Here’s looking at the commonly held misconceptions regarding home loan applications:

  1. It is better to choose a shorter loan tenor- Shorter home loan tenors will naturally have lower costs of interest for the home loan in comparison to longer tenors, assuming the same rates of interest. However, shorter loan tenors also mean considerably higher monthly EMIs in comparison to loans with a longer tenor. The huge EMIs may negatively impact your financial position if it leaves you with too little to invest in other instruments for accomplishing future goals. An aggressive tenor for early repayment without a proper buffer may also lead to EMI defaults in case of any financial emergency. This will again impact your credit score negatively, thereby eating into your future eligibility for loans.
  2. Lowest interest rates are all you need- The home loan interest rate is one of many factors to be looked at, while choosing the right lender. The other aspects include the processing fee, LTV (loan to value) and the loan tenor. For instance, extension of the lowest interest rate by a lender may require the borrower to choose a lower LTV ratio which means that you will have to make a higher down payment. Some lenders also charge lower rates of interest for customers availing of loans for a longer period of time. Similarly, those lenders charging the lowest possible rates of interest may charge higher processing fees as well. Always take a well-rounded look at things and do not just plunge for the lowest rates of interest.
  3. A good credit score is a guarantee of the loan being approved- The credit score is not the only aspect used for assessing your creditworthiness. Other key aspects include your monthly income, age, employer’s profile, stability of the job and so on along with the property title, location and existing EMI payments. Each of these factors plays a really vital role when it comes to analyzing your credit profile. Not meeting the criteria in this case will lead to your home loan application getting rejected even if you have a good credit score.
  4. You will have to pay penalties for home loan prepayment- Many borrowers put off prepayments for their home loans for this misconception. The RBI has already barred HFCs and NBFCs from charging prepayment penalties or foreclosure charges in case of loans with floating interest rates. This has naturally freed up floating rate home loan customers with regard to foreclosing loans or making prepayments without bearing any penalties. Even when there are fixed rate home loans, many lenders do not have prepayment charges if the borrower prepays the loan with his/her own fund sources.

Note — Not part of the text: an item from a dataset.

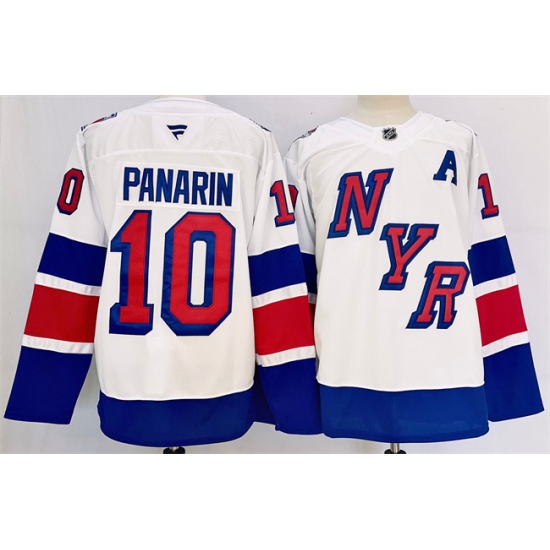 Men's New York Rangers #10 Artemi Panarin White 2024-25 Stadium Series Stitched Jersey - Ujersey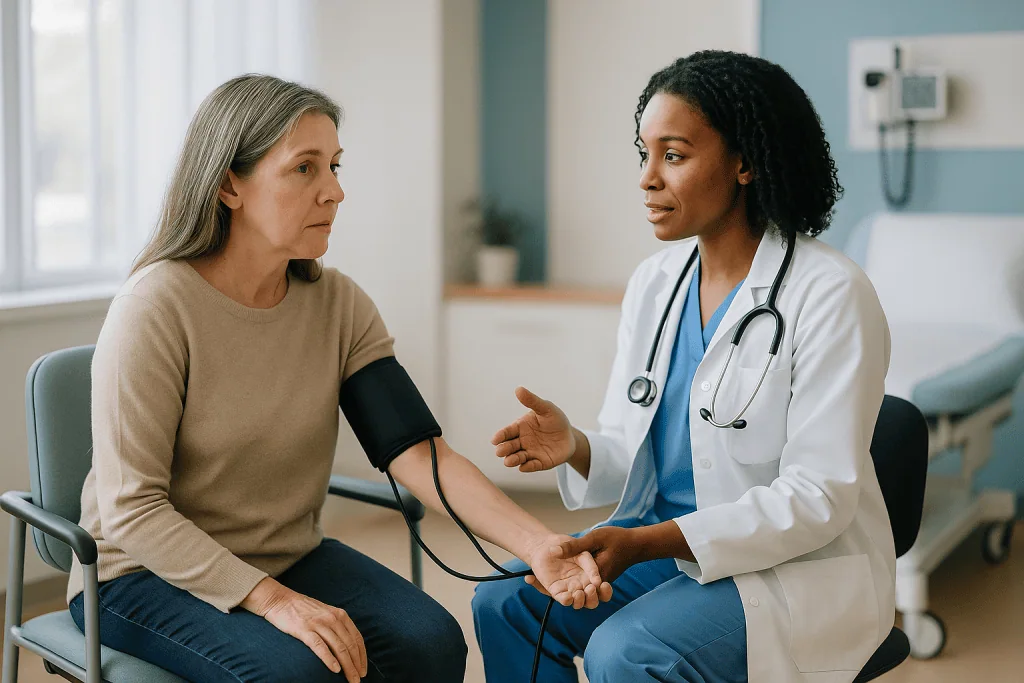 Doctor measuring blood pressure during patient consultation: Why blood pressure control comes first when treating polycystic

  5. Fixed rates are better than floating rates- Home loan interest rates are continually coming down in the market and are possibly at their lowest levels now. As a result, simply going for a fixed-rate home loan may be a mistake. Those lenders offering fixed rate home loans, usually charge higher rates of interest for lowering their own interest rate risks. Mixed rate home loans are sometimes offered where rates will be fixed for a certain period and then they will become floating rates. Interest charged in the fixed rate period will be higher than the floating interest rate at the time of sanctioning of the home loan. Floating interest rates, while more volatile (your EMI will keep changing regularly), may give you more interest savings on the loan.
  6. It is always better to apply directly for a home loan- Many home loan borrowers contact several lenders directly for learning about the best interest rates and other aspects. However, did you know that each time you directly apply for a loan with any bank or housing finance company (HFC), the lender will naturally be contacting credit bureaus for getting your credit report and assessing your creditworthiness. These are considered as hard enquiries and each enquiry will lower the credit score by some points. Multiple applications for loans will naturally lower the credit score multiple times. This will lower your eligibility for the home loan in the first place. You should instead look for the right online platform where you will find all the guidance and information necessary for choosing a suitable lender along with being able to compare rates, eligibility aspects and other factors.

These are thus the commonly held misconceptions that you should do away with when it comes to applying for a home loan.